§ **Working data**
● ● ●

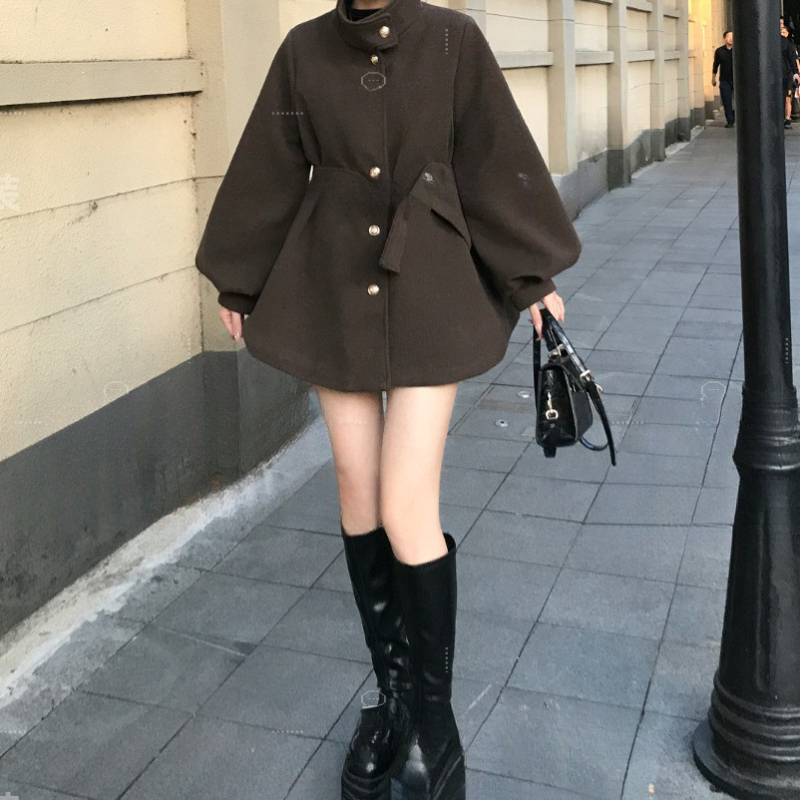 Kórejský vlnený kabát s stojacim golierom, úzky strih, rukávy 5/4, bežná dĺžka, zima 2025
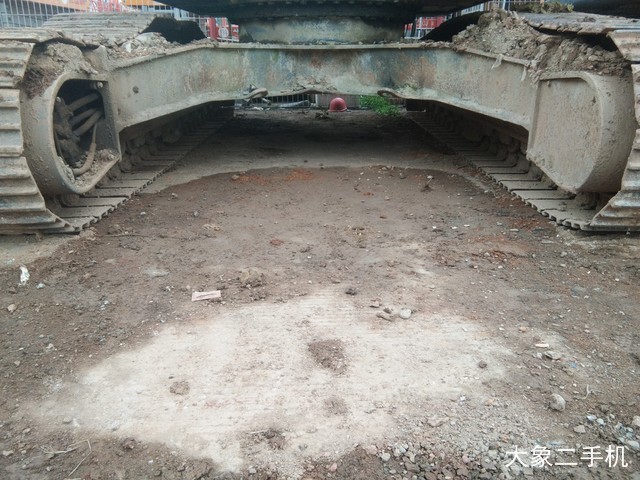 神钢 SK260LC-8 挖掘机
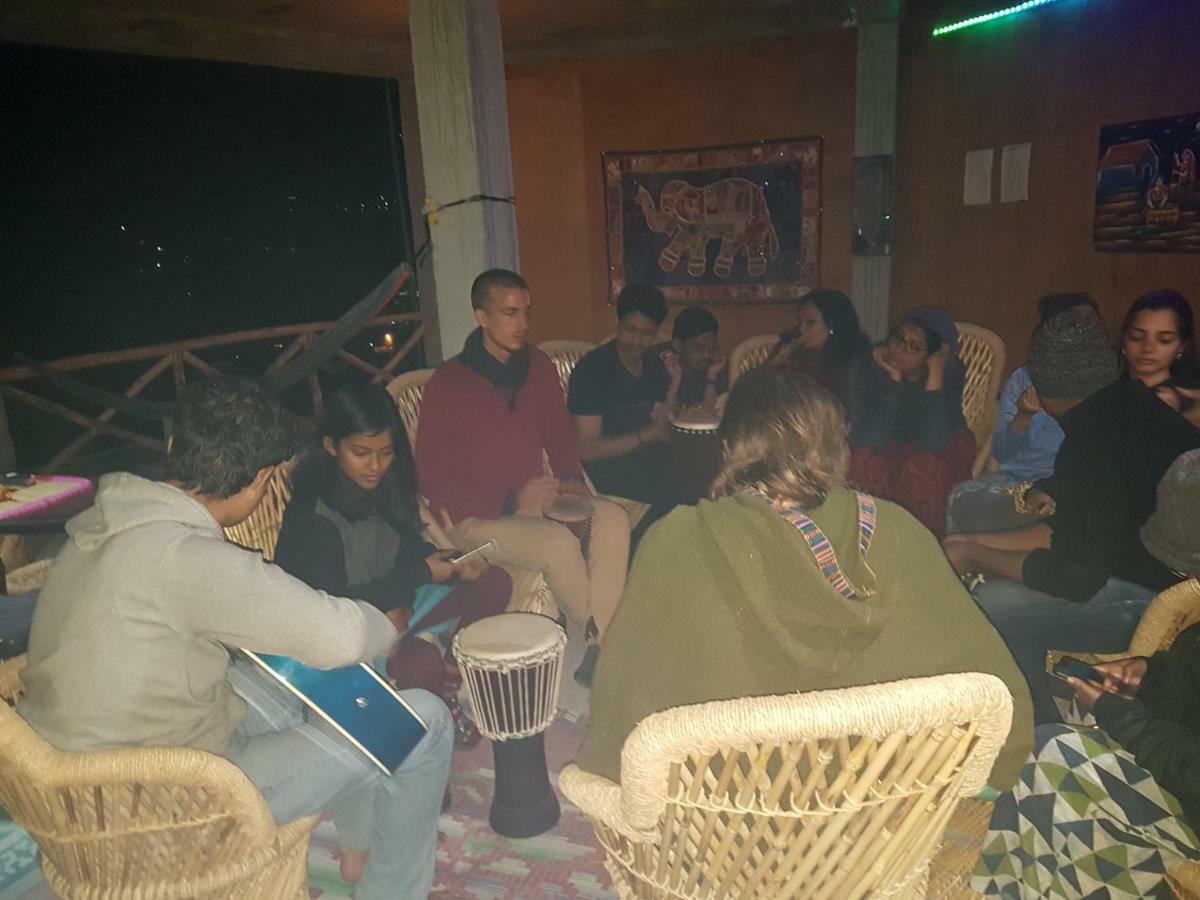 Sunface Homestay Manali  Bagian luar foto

● ● ●

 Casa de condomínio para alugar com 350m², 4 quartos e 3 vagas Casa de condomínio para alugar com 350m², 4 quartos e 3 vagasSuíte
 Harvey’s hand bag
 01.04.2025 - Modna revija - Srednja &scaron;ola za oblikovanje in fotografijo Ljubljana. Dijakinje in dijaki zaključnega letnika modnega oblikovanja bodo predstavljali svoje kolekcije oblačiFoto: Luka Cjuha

● ● ●

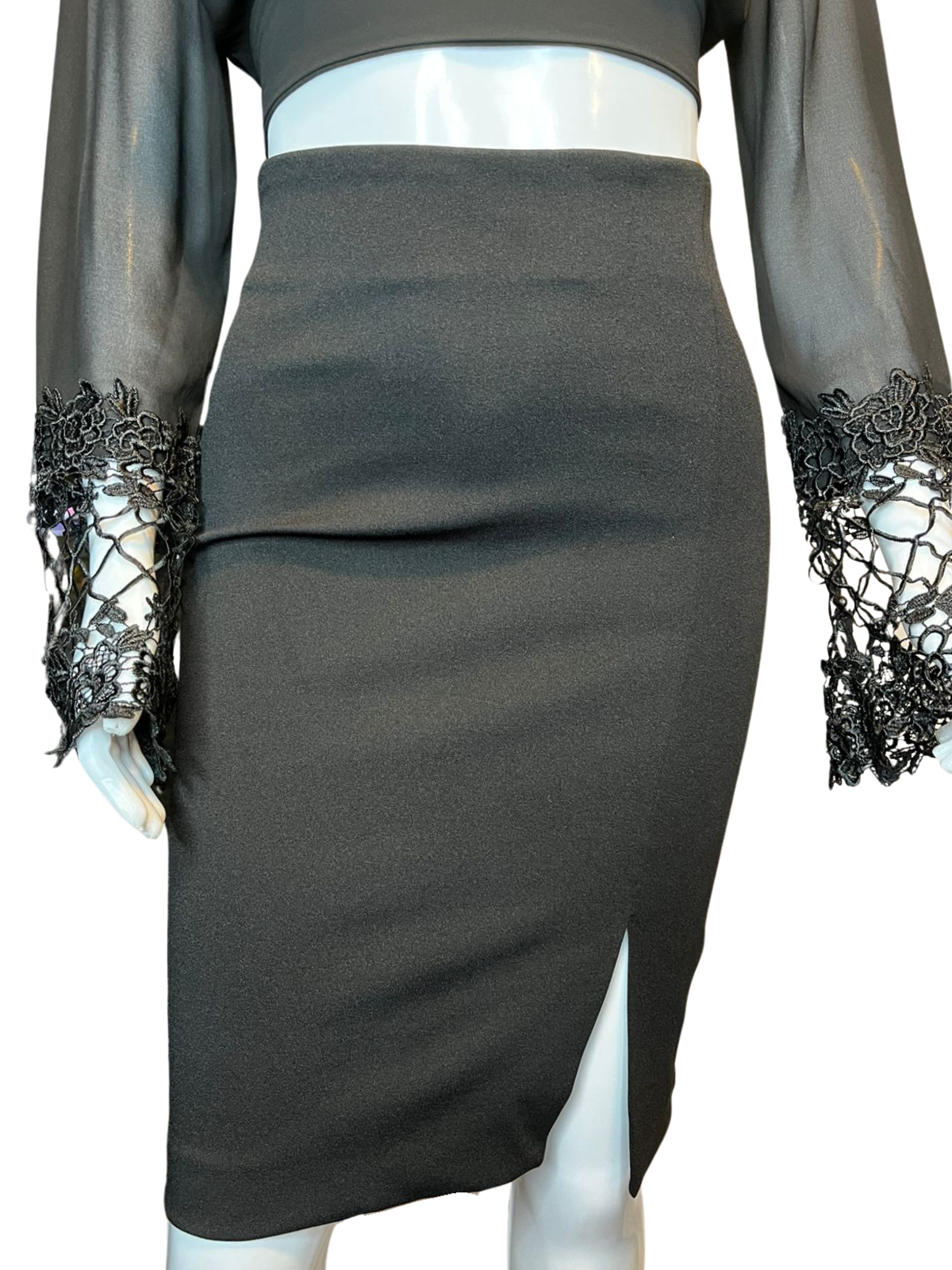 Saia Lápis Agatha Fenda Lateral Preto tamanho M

● ● ●

§ **What is expected**
Everything above from the line with "Harvey’s hand bag" to the line with "01.04.2025 - Modna", both included, must be repeated exactly, and nothing outside that range.

§ **Task output**
 Harvey’s hand bag
 01.04.2025 - Modna revija - Srednja &scaron;ola za oblikovanje in fotografijo Ljubljana. Dijakinje in dijaki zaključnega letnika modnega oblikovanja bodo predstavljali svoje kolekcije oblačiFoto: Luka Cjuha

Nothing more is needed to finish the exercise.